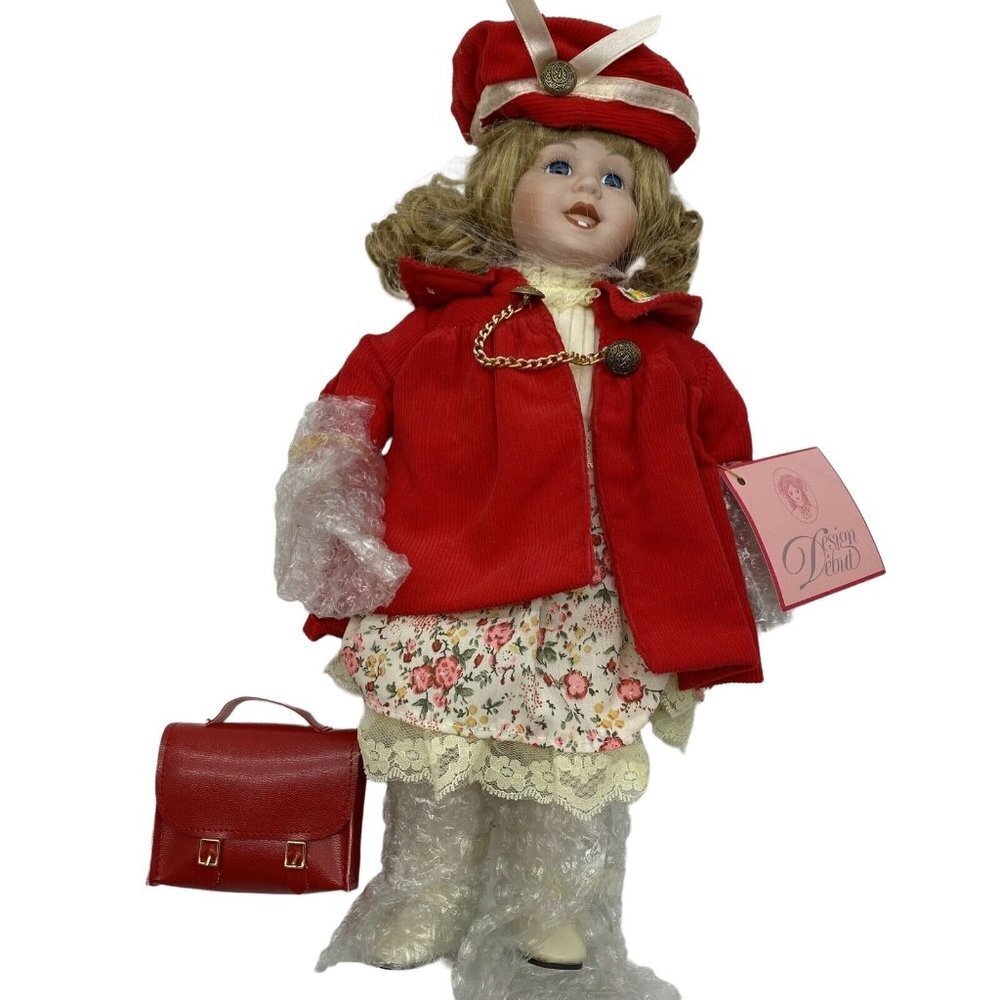 Vintage 90s Design Debut Porcelain Doll 14" Blond Blue Eyes Red‎ Coat Hat Purse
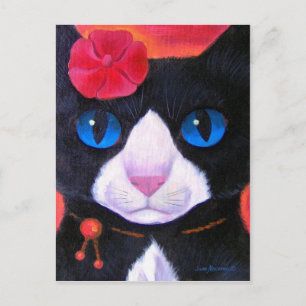 Postal Pintura de mariposa gata de Tuxedo - múltiple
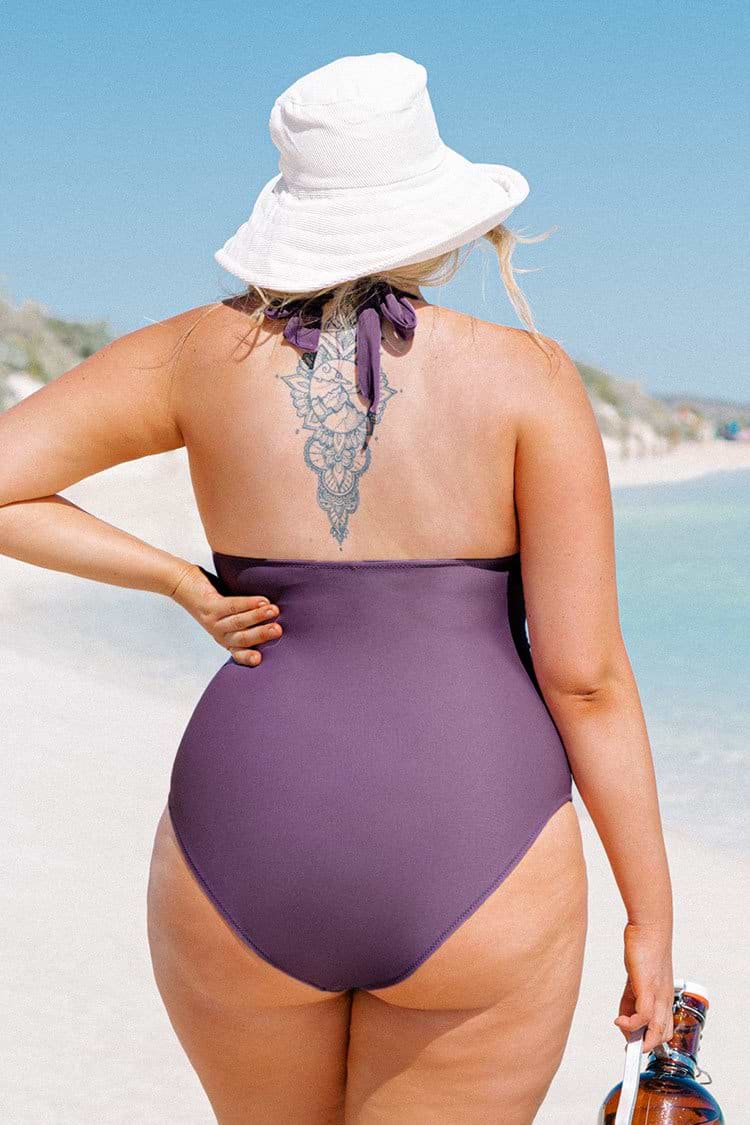 Maillot de bain une pièce grande taille dos nu froncé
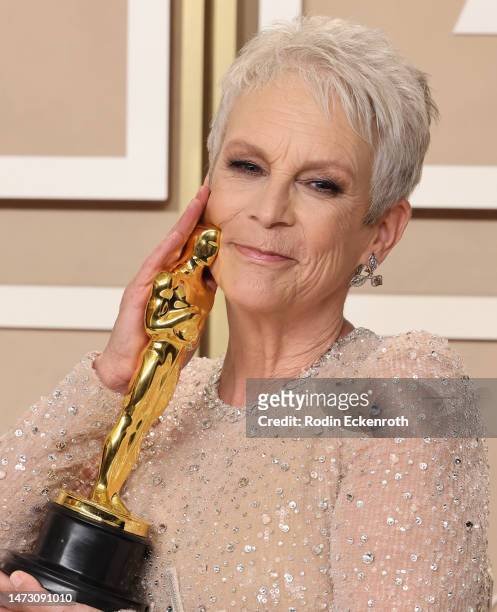 Jamie Lee Curtis, winner of Best Actress in a Supporting Roll award for ‘Everything Everywhere All at Once’ poses in the press room during the 95th...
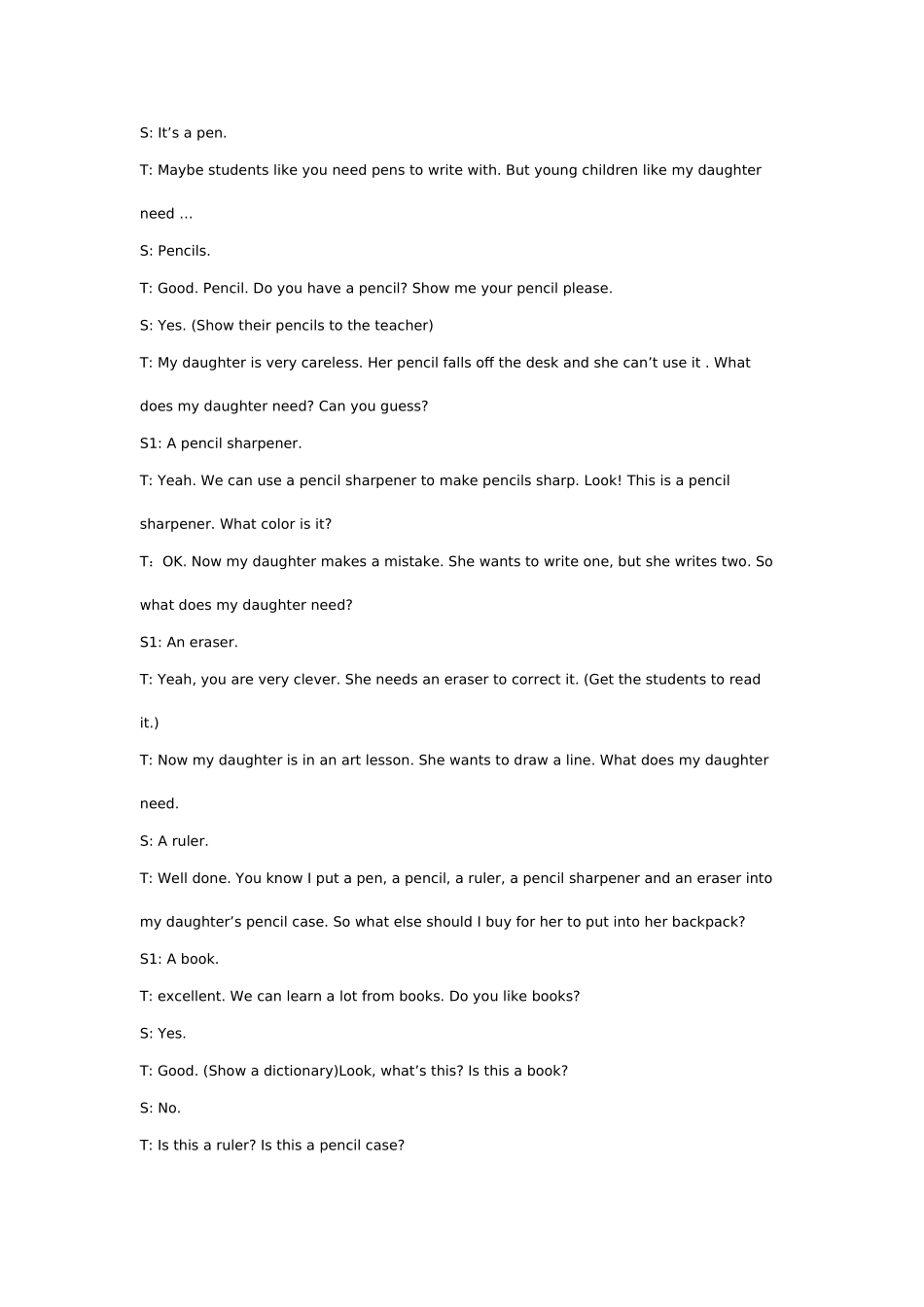 七上Unit2听课实录_第3页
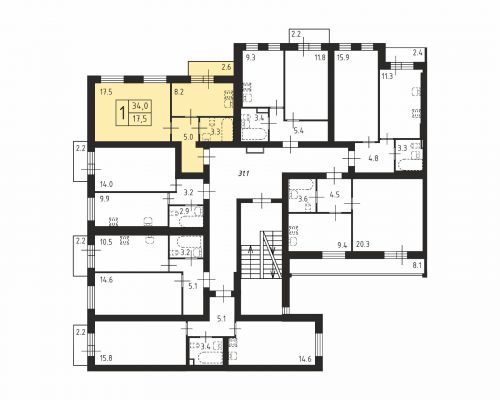 1-комнатная, квартира, 34 м²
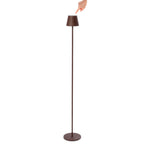 Bizzotto LED Stehlampe Braun mit Touch-Funktion – schlankes Design mit rundem Sockel und konischem Schirm
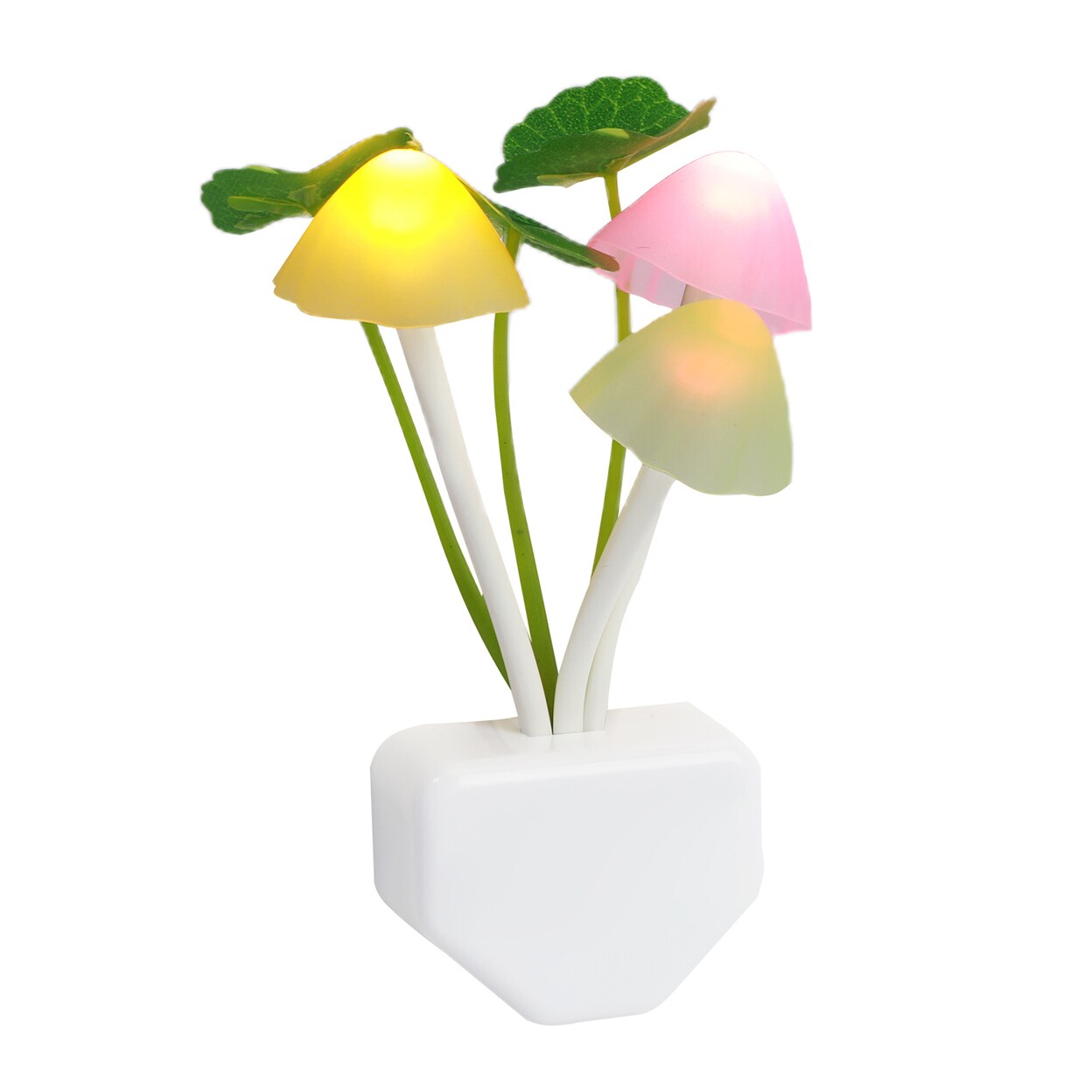 Us Eu Plug Adapter Led Night Lamp Discolor Light Sense Control Mushroom Lamp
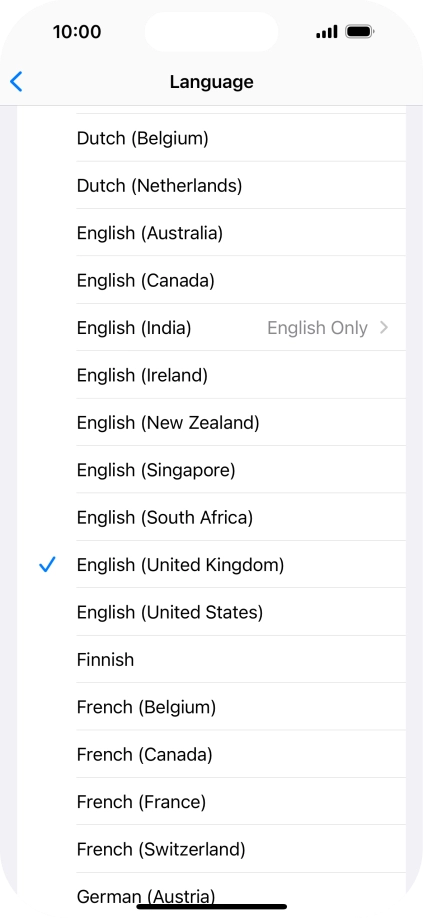 Press the required language. Press the required language.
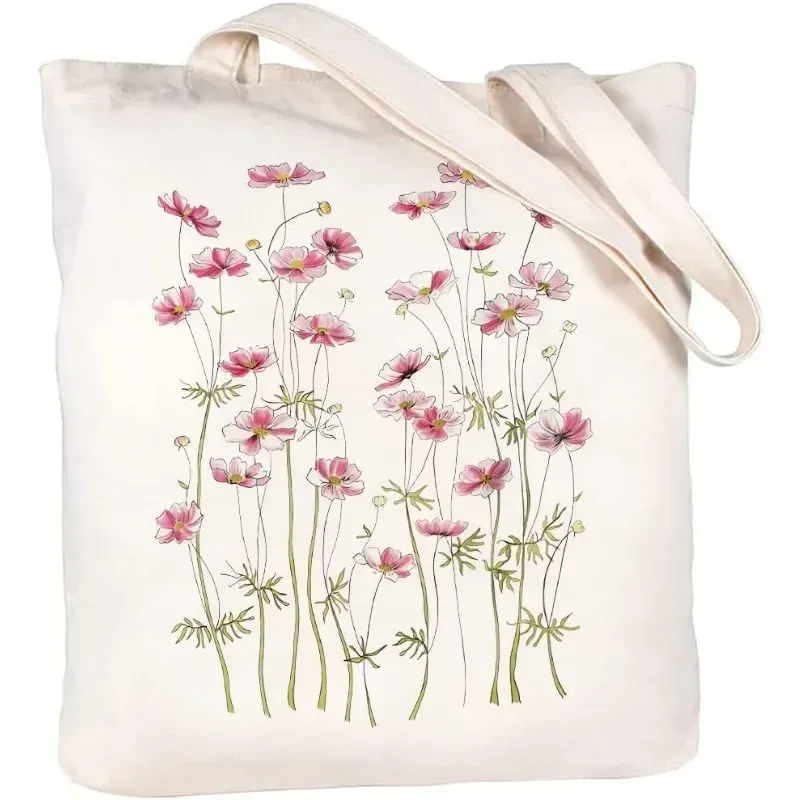 Black Cat & Flowers Canvas Tote Bag 5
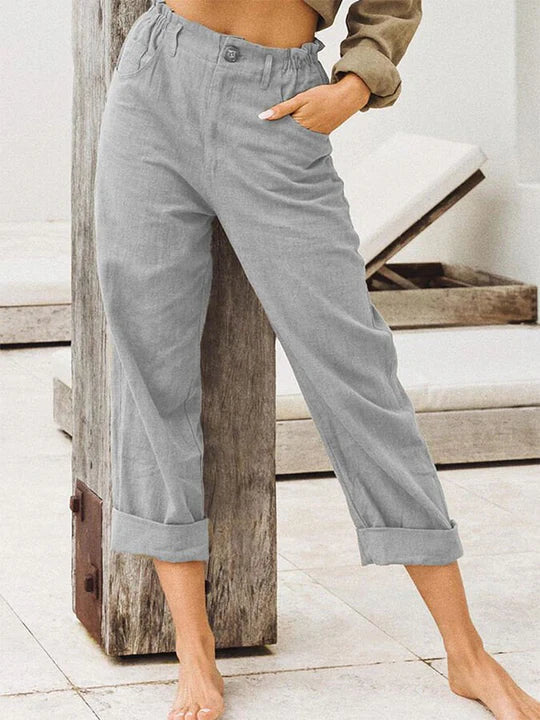 Stylish linen trousers with rolled hem - comfort & trend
• • • •
**PROMPT**
The records above need to be printed in full and exactly, without any of the pictures.

**ANSWER TO THE PROBLEM**
 Vintage 90s Design Debut Porcelain Doll 14" Blond Blue Eyes Red‎ Coat Hat Purse
 Postal Pintura de mariposa gata de Tuxedo - múltiple
 Maillot de bain une pièce grande taille dos nu froncé
 Jamie Lee Curtis, winner of Best Actress in a Supporting Roll award for ‘Everything Everywhere All at Once’ poses in the press room during the 95th...
 七上Unit2听课实录_第3页
 1-комнатная, квартира, 34 м²
 Bizzotto LED Stehlampe Braun mit Touch-Funktion – schlankes Design mit rundem Sockel und konischem Schirm
 Us Eu Plug Adapter Led Night Lamp Discolor Light Sense Control Mushroom Lamp
 Press the required language. Press the required language.
 Black Cat & Flowers Canvas Tote Bag 5
 Stylish linen trousers with rolled hem - comfort & trend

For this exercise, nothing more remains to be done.